If Mahatma Gandhi were to return to India today, two things would attract his attention. One, he would most certainly shower approbation, and another, he would definitely frown and cast opprobrium. The first to attract Bapu and to receive his blessings would be this herculean effort to transform our approach and mindset towards cleanliness and sanitation. Bapu would have showered praises, expressed his solidarity towards Modi’s unceasing effort at trying to alter India’s sanitation landscape. It would have pleased the Mahatma no end to see how the quest for “Swacchta” had produced a youthful, inspired, and a determined brigade of “Swacchagrahis”, volunteers who, imbued with the ideals of a deeper patriotism, came forward and pledged to take ahead the movement for a clean India.
Bapu would have marvelled at how the world is taking note of the effort to clean India. He would have applauded the manner in which it has evolved into a peoples’ movement and drawn the attention of the world. It would fill Bapu with joy to be told that on a certain Independence day the Prime Minister of India openly and frankly spoke of the need to clean India, of the need for sanitation for all and pledged to work for it. Bapu would be reminded of his own words spoken in Banaras a hundred years ago, where he asked his audience how they propose to handle Swaraj if they could not keep their surroundings clean. After all, for him, maintaining and perpetuating freedom was linked to how we preserve and perpetuate a healthy and clean surrounding, how we evolve a consciousness for cleanliness and then enable it to shape our existence.
Bapu would also wonder how even after seven decades of Independence, a majority of children have no access to toilets or clean drinking water, how schools run by governments in Swaraj do not work to provide such basics. He would wonder how the party to which he provided a constructive programme of social reconstruction, has neglected these fundamentals while in power for so long.
But the fact that the world is taking cognisance of India’s effort, that India herself is gradually awakening to action in transforming her mindset towards cleanliness and adopting the mantra of “Swacchata” would have enthused Bapu.
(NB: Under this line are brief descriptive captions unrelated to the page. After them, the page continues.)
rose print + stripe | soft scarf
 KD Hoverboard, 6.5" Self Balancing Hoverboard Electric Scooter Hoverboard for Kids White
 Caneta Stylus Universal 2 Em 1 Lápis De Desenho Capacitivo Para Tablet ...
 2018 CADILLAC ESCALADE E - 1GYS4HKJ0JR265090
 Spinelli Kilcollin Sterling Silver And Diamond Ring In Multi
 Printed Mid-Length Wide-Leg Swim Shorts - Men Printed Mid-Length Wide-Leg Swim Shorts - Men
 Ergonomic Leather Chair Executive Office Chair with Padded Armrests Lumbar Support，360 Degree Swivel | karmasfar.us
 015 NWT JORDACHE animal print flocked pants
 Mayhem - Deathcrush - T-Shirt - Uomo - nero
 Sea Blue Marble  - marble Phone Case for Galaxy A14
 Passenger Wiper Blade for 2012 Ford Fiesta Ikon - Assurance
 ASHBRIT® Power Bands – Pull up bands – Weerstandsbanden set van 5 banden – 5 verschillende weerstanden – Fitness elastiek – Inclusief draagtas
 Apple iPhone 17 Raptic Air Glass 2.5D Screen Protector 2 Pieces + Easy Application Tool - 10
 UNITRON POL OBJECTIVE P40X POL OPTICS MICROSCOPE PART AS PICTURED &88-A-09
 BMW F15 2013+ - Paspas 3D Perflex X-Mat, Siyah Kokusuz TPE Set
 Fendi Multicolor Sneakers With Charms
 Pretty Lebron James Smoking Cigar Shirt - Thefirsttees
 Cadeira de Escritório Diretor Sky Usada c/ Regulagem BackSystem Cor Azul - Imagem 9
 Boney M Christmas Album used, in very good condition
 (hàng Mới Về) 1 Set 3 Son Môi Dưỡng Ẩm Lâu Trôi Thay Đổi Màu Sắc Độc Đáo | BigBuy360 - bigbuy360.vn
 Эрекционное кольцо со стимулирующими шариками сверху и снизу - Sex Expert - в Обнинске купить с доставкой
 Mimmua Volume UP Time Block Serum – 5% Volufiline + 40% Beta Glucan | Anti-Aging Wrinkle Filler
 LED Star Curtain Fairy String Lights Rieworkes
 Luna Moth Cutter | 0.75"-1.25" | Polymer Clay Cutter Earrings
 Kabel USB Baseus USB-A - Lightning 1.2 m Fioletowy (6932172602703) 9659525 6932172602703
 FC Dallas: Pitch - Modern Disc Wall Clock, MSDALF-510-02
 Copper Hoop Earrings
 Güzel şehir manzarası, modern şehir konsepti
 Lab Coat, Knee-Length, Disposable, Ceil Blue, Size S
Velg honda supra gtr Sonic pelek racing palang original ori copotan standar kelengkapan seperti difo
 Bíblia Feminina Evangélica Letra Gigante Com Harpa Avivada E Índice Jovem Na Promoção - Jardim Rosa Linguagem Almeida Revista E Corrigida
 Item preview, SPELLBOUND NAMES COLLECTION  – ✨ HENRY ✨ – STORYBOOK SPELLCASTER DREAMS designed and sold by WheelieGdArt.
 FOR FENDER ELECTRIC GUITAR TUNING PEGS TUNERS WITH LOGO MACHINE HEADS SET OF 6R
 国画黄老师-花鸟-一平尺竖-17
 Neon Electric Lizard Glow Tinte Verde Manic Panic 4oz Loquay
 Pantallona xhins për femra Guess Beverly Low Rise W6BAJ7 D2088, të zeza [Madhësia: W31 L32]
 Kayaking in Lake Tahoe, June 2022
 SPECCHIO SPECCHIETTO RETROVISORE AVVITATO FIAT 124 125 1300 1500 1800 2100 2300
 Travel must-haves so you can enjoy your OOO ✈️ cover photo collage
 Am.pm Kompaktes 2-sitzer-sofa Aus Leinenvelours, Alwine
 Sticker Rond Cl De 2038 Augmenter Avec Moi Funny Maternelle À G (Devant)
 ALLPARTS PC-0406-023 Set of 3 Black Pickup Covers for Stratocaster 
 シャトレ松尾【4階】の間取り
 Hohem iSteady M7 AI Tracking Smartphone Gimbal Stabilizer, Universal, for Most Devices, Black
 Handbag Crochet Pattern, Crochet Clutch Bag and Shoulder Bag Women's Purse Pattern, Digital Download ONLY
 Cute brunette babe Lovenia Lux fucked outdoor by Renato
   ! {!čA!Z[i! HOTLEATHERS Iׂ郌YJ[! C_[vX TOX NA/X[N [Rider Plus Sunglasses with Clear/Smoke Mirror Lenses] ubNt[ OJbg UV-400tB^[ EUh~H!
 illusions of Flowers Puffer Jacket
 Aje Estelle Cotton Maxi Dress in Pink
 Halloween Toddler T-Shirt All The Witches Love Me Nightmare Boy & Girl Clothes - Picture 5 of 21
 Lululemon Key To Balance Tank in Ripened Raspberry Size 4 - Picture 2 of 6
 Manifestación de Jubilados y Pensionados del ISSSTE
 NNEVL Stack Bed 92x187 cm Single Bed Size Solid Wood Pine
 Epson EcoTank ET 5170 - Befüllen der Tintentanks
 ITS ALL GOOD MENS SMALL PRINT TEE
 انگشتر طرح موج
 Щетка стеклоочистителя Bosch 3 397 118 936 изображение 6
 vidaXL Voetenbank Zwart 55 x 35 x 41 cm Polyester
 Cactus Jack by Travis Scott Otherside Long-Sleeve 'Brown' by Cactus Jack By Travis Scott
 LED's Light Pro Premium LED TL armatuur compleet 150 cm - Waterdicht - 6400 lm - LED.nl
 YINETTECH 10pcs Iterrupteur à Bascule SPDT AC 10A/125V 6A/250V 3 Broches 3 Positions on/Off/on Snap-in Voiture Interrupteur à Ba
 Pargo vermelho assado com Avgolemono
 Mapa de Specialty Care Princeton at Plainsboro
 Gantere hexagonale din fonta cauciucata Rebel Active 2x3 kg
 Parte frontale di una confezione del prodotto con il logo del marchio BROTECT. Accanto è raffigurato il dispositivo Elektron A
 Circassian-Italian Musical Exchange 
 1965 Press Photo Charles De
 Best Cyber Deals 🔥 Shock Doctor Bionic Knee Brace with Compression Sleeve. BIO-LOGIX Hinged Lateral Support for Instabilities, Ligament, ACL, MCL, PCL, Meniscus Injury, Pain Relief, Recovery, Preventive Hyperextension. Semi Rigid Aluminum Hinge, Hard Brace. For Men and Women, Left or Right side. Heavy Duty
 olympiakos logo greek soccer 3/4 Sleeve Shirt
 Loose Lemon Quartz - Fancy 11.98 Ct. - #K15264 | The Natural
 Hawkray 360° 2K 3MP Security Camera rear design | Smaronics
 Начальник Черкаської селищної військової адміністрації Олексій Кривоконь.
The world’s realisation of India’s message of harmonious and assimilative co-existence, of balance between nature and man, of synthesis between development and preservation of nature, the world’s recognition of India’s message of ”environmental consciousness”, of “climate justice”, of the need to evolve and thrive for both these crucial aspects of our collective existence and the future of the earth would also have enthused Bapu, had he not, in his own way, spoken of humanity and of the need to balance and harmonise our collective existence. All of this would have given him hope; it would instilled in him a sense of fulfilment. He would have recognised those who had initiated these efforts as his true spiritual and political heirs.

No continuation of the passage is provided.